У входа в раздевалку теснилась уже целая толпа заядлых болельщиков. Козаков всегда с первого взгляда узнавал их. Были тут люди очень разные: и мальчишки, и старики, и сухопарый пожилой мужчина с длинными волосами, в пенсне, похожий на артиста, и статный полковник в сверкающем мундире. Но всех этих людей что-то роднило. Это «что-то» трудно определялось словами, но оно было. Было во взглядах, загоравшихся, как только разговор касался «своей» команды, было в дотошной осведомленности не только о боевых качествах, но и мелочах личной жизни каждого, даже самого заурядного игрока. Было в специальных «болельщицких» словечках и в глубоко спрятанном, но неугасимом азарте.
Козаков за долгие годы судейства уже знал в лицо многих болельщиков. Вот этот «артист», например, всегда сидит на восточной трибуне, внизу, и орет похлеще любого пацана. А этот вот солидный интеллигентный мужчина, наверно, инженер или врач, однажды в порыве возмущения швырнул вниз, на поле, свою велюровую шляпу.

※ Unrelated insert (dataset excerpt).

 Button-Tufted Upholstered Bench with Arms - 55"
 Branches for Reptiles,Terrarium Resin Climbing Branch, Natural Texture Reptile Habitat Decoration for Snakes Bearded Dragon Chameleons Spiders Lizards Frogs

«Ждут», — подумал Козаков, проходя в судейскую комнату, расположенную рядом с раздевалками.
На него болельщики почти не обратили внимания. Он уже привык: толпа встречала футболистов, судья ее не интересовал.
«Обо мне вспомнят, лишь чтобы заорать: «Судью на мыло!» — усмехнулся Козаков. Эта невеселая мысль, однако, не опечалила его. Что ж, давно известно, судьям не аплодируют, судьям только свистят.
В пустой судейской он неторопливо переоделся, сделал небольшую разминку. Да, как-никак уже почти сорок. Судить становится не просто: за девяносто минут так набегаешься! Мысленно прикинул, сколько он пробегает за матч: получилось примерно километров двенадцать. Немало…
Правда, пока силенок хватало. Иногда, шутки ради, к восторгу дворовых ребят, он один поднимал задок «Москвича». Но все-таки сорок — это сорок…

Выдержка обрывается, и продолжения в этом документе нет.